Google wprowadza funkcję „Preferowanych Źródeł”, która pozwala wskazać portale i blogi wyświetlane częściej w wynikach wyszukiwania.

Google od lat dostosowuje wyniki wyszukiwania do naszych zainteresowań i wcześniejszych aktywności w sieci. Teraz jednak daje użytkownikom więcej kontroli nad tym procesem – po raz pierwszy to my możemy zdecydować, które źródła informacji mają być dla nas priorytetowe. Nowa funkcja „Preferowane Źródła” pozwala wskazać ulubione serwisy i blogi, które będą częściej pojawiać się w sekcji „Najważniejsze artykuły” w wyszukiwarce Google.

Google pozwoli ustawić preferowane źródła w sekcji Najważniejszych artykułów

Mechanizm działania funkcji jest prosty – przy nagłówku artykułu w sekcji Najważniejsze artykuły pojawia się ikona gwiazdki, która umożliwia dodanie wybranych źródeł do listy preferowanych. Po ich wskazaniu można odświeżyć wyniki, aby zobaczyć więcej treści z tych serwisów, a w niektórych przypadkach także osobny moduł „Z twoich źródeł” poniżej Najważniejszych artykułów. Google zapewnia, iż wybrane witryny będą wyraźnie oznaczone, a ich treści wyświetlane obok materiałów z innych źródeł.

Preferowane Źródła w wyszukiwarce Google

„Preferowane Źródła” („Preferred Sources”) przeszło fazę testów w ramach Search Labs, gdzie – jak podaje firma – ponad połowa użytkowników wybrała co najmniej cztery ulubione źródła. Od 12 sierpnia funkcja jest dostępna dla wszystkich wyszukiwań w języku angielskim w USA i Indiach, bez konieczności zapisywania się do programu testowego.

Na razie Google nie informuje, czy i kiedy podobne rozwiązanie trafi do użytkowników w Polsce. Można jednak zakładać, iż jeżeli opcja zyska popularność, koncern rozważy jej rozszerzenie na kolejne rynki.

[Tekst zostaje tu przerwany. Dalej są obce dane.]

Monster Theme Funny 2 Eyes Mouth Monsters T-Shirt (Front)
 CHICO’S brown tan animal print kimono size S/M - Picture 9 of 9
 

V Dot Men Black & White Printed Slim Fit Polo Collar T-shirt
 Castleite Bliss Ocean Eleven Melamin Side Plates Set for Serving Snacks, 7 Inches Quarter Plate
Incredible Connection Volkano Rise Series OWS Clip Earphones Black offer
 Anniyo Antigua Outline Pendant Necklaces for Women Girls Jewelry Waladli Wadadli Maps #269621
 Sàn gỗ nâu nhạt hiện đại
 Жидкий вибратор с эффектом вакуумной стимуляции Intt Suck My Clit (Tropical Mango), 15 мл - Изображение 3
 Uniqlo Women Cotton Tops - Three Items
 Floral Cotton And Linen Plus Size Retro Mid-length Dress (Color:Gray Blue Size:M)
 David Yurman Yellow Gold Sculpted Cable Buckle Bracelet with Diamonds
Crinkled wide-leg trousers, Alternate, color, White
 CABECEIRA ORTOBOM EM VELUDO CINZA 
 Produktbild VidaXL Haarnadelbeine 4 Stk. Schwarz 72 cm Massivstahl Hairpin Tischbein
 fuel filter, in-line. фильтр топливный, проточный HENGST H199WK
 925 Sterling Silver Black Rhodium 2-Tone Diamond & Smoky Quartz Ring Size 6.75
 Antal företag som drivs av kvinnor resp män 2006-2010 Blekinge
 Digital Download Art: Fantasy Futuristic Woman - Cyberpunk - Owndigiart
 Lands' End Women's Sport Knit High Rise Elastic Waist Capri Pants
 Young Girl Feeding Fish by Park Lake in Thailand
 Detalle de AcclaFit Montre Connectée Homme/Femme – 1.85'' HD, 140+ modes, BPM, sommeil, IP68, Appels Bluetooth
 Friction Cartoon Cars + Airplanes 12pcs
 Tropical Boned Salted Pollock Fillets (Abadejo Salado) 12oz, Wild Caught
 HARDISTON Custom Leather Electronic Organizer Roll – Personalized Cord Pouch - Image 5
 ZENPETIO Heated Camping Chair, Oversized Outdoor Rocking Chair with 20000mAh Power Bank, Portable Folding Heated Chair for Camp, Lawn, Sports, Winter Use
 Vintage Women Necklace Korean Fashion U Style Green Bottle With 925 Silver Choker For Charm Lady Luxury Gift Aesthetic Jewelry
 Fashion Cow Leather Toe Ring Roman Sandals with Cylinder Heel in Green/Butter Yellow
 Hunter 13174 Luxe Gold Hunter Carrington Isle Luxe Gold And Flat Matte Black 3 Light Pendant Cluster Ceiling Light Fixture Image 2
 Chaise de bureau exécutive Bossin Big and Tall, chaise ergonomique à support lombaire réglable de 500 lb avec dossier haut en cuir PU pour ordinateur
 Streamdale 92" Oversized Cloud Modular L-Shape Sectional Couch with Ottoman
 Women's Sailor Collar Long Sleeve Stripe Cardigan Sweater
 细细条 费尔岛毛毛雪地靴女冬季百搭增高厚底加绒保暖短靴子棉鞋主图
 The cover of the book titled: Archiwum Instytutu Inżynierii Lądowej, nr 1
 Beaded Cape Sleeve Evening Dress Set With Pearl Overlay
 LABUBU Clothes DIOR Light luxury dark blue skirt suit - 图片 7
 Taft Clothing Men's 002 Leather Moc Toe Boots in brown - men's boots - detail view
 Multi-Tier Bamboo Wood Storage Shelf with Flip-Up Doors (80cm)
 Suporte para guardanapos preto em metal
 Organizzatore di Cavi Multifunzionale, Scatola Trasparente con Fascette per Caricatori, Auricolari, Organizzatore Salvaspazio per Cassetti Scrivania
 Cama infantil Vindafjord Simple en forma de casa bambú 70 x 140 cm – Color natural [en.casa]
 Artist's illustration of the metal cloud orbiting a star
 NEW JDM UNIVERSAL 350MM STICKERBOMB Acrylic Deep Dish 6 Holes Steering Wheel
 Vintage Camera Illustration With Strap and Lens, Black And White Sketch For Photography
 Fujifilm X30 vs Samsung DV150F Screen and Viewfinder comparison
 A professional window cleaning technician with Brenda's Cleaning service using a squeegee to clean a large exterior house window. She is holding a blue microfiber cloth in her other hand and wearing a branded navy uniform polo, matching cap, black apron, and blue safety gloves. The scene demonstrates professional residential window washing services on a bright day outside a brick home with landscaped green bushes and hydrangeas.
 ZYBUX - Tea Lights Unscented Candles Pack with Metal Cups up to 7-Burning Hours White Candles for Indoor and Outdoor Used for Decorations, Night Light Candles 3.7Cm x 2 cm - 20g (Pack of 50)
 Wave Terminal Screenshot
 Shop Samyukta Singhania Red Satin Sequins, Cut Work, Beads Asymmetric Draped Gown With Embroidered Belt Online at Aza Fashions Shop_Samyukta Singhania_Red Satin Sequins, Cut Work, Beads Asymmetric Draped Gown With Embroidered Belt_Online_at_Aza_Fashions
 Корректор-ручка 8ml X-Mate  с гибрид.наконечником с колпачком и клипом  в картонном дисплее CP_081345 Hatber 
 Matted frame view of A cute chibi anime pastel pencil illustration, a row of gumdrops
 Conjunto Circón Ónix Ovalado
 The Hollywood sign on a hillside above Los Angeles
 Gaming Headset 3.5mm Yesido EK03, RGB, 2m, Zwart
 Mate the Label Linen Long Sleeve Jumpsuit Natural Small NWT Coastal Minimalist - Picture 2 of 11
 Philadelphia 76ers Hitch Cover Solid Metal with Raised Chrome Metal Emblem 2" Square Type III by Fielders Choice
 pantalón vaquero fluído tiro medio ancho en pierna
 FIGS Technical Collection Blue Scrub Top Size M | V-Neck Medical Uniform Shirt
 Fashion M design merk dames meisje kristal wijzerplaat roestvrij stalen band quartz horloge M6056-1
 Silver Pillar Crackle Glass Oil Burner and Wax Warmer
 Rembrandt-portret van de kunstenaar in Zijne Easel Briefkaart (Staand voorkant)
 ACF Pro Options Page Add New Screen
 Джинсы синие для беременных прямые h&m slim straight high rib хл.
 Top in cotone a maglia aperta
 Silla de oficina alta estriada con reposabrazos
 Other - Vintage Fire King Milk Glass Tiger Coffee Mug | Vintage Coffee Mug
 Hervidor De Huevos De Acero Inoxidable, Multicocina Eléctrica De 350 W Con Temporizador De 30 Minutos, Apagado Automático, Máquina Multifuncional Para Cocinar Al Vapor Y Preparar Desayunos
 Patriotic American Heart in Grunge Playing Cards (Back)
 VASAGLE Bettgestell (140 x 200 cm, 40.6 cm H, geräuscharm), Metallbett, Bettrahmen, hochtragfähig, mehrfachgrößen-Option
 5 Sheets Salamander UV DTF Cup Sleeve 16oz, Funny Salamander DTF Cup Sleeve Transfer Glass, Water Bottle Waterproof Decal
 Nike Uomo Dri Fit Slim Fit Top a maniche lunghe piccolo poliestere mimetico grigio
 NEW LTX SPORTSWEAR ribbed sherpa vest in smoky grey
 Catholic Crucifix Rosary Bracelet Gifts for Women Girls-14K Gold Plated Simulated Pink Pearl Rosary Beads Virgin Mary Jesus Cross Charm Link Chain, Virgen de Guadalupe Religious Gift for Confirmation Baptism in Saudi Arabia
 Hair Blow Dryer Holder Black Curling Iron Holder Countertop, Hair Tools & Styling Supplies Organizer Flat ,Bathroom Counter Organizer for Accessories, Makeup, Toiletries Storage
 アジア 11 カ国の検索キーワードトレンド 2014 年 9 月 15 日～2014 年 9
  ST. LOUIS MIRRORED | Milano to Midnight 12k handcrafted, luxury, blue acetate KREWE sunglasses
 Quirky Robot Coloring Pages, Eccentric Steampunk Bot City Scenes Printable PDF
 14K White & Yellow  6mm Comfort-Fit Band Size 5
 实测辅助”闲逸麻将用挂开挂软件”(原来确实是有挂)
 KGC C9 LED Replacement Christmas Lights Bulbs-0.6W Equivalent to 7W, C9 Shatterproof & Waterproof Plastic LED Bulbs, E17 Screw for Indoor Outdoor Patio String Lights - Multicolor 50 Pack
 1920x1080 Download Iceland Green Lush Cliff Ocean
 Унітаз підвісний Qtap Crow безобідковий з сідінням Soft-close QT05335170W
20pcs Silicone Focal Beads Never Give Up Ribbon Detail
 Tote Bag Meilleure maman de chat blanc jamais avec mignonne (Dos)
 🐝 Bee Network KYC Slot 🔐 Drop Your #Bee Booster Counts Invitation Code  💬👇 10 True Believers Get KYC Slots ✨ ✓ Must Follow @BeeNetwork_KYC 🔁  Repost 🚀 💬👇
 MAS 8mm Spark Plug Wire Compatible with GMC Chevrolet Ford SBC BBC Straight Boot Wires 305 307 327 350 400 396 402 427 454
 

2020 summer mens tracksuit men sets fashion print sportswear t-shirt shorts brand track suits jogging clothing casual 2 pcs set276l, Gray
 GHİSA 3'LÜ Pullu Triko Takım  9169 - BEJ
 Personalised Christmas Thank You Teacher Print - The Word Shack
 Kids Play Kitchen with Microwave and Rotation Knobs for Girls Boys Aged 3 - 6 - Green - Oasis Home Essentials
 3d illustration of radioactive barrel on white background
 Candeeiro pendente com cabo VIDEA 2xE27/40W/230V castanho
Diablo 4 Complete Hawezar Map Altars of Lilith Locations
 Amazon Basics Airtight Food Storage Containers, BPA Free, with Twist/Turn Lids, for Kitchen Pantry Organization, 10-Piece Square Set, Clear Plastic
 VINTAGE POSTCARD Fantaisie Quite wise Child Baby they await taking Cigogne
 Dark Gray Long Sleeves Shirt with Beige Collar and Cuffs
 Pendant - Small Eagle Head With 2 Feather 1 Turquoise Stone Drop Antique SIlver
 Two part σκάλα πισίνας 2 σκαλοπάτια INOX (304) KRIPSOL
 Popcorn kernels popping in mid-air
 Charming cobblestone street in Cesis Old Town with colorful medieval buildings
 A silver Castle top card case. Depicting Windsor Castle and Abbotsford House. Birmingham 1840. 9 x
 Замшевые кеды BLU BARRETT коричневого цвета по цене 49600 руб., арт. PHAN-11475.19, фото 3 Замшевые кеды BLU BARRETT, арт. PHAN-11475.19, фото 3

Wówczas polscy internauci mogliby samodzielnie ustalić, czy w codziennym wyszukiwaniu chcą częściej widzieć treści z dużych portali informacyjnych, lokalnych redakcji czy wyspecjalizowanych blogów tematycznych – zyskując większą kontrolę nad tym, jak wygląda ich internetowe „okno na świat”.